Adaptive Brand Spotlight: 4ward
It was a year ago during PROJECT, Las Vegas’ annual fashion expo, when Derek Flores had an epiphany.
A buyer for Zappos’ Men’s Apparel and Denim category, Flores is ever mindful of the newest trends and breakout brands to hit the showrooms, the runways and eventually the Zappos website. But it was at one particular booth where he observed the uncommonly refined fabric of Trifecta.
It was some of the softest material I had felt in a long time,” remarked Flores. “Instantly I thought how this could work with those who have sensory issues.
This led him to brainstorm the what-ifs — the what-ifs of adopting this material for Zappos’ exclusive line of adaptive clothing. Flores then pitched the idea to Cory Kilmartin, one of the brand’s three designers, and for the next year they researched, selected, designed, created and manufactured shirts and pants until they got it just right.
Today, Flores, Kilmartin and others who’ve championed this project are excited to announce the exclusive launch of 4ward, one of three Zappos collections catering to children and adults with disabilities, ranging from sensory issues, mobility challenges and beyond.
I recently spoke with both men to learn more about their initiative to create an adaptive clothing line, what the 4ward title means, and what impact they hope to achieve within the special needs community.
What prompted the creation of an adaptive clothing line?
Derek: The special needs community has been underserved by the fashion industry and retailers for a long time, and now we are ready to change that. We want to provide clothing that is fashionable but is adaptive to a variety of needs.
What’s the meaning behind the 4ward name?
Corey: The name to us represents three underlying concepts: 1) The idea of giving those who have challenges a garment that they can move 4ward in life 2) The idea of being fashion 4ward, and 3) The physical nature of the clothes being 4way reversible (front, back, inside, out).
What clothing variations and creations did you incorporate?
Corey: We have clothes that are color reversible and can be worn front-to-back as well as inside out. Also, we’ve created the only pair of four-way reversible knit joggers in the market. All aspects of fit and comfort have been taken into consideration, such as pocket ease, wider neck openings and seamless garments.
Are you currently marketing towards specific special needs, or is it all-inclusive?
Derek: We’re not limiting it to one need or another. The new offerings are for anyone who has challenges getting dressed or just wants super soft or reversible clothing.
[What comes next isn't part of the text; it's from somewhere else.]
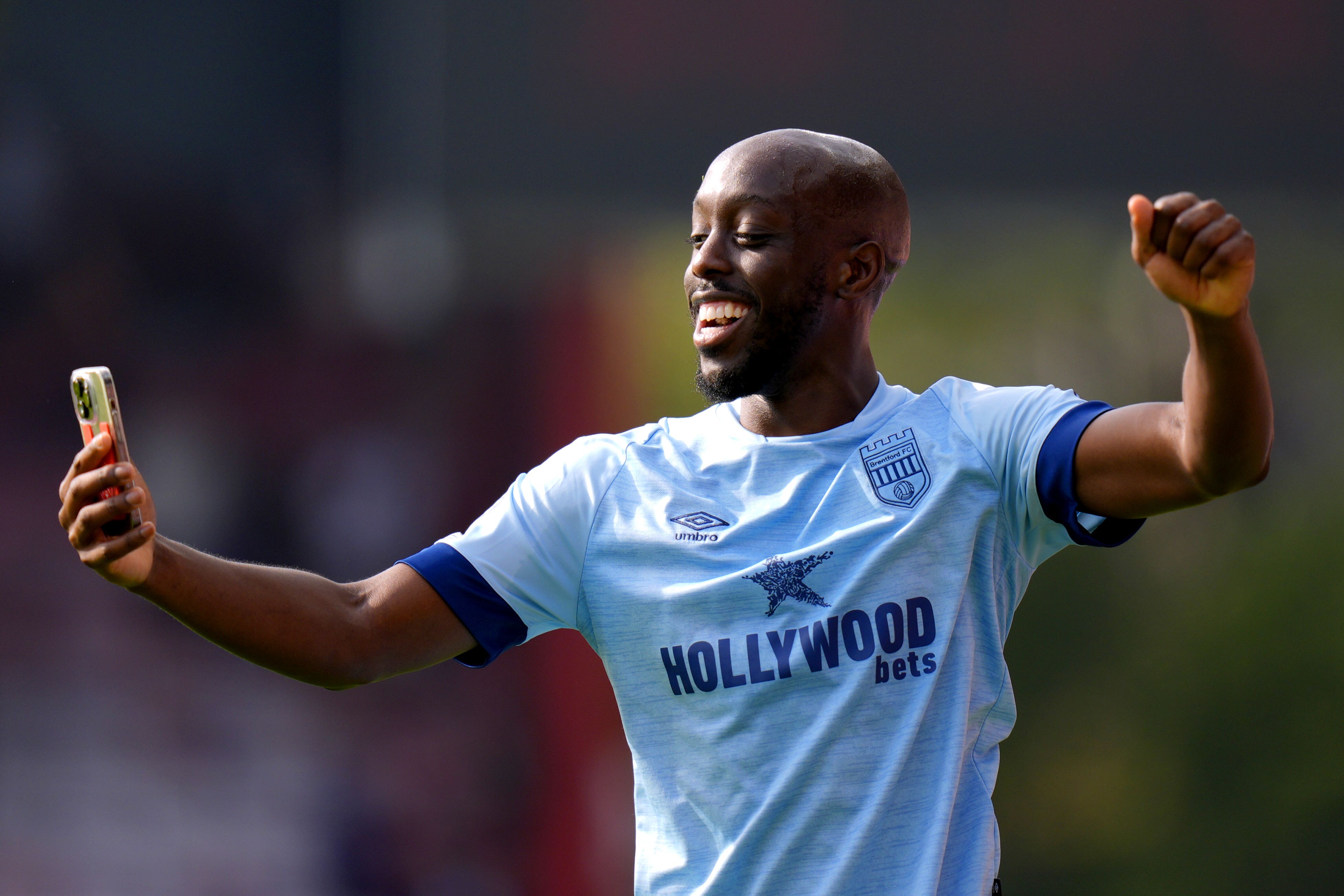 Brentford’s Yoane Wissa films a video on a phone at the end of the game (Andrew Matthews/PA)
How many pieces are in the 4ward collection?
Corey: There are 80 pieces total, including all colorway combos.
What materials did you choose to design from? Do you find certain fabrics work better than others?
Corey: We use a cotton/modal blend with a super soft proprietary wash. The blend gives some stretch while being super breathable and some of the silkiest in the market. Moreover, the fabric is very durable, and shrinkage is minimal. These garments are well made and will last!
What are the similarities and differences between 4ward and Zappos’ other adaptive line, Independence Day Clothing?
Derek: Independence Day currently caters to tweens, teens and adults with more fashionable elements. 4ward is for kids up to adults and features more basic clothing designs.
Corey: We’re doing everyday knitwear staples while keeping the cut fashionable and wearable for all segments. Parents can wear these garments with their children, which was something we wanted to achieve.
Are there plans to expand beyond clothing and into footwear, accessories, etc.?
Derek: We really want to get this right, and if the reaction is positive the sky is the limit.
In what ways do you think 4ward empowers its wearers?
Derek: It empowers people to get dressed independently and start their day off in a more positive light.
When it comes to this initiative, what do you know now that you didn’t before?
Derek: I had no idea the time it takes those with physical or intellectual disabilities to get ready in the morning. Now, I don’t take those little things for granted.
Since working on this project, what's been your proudest moment?
Corey: As a design team, we’re so grateful to be making a difference in an industry that can be vanity driven. Creating this line was the most rewarding and challenging project to date as we understand the importance of getting this right and helping push 4ward!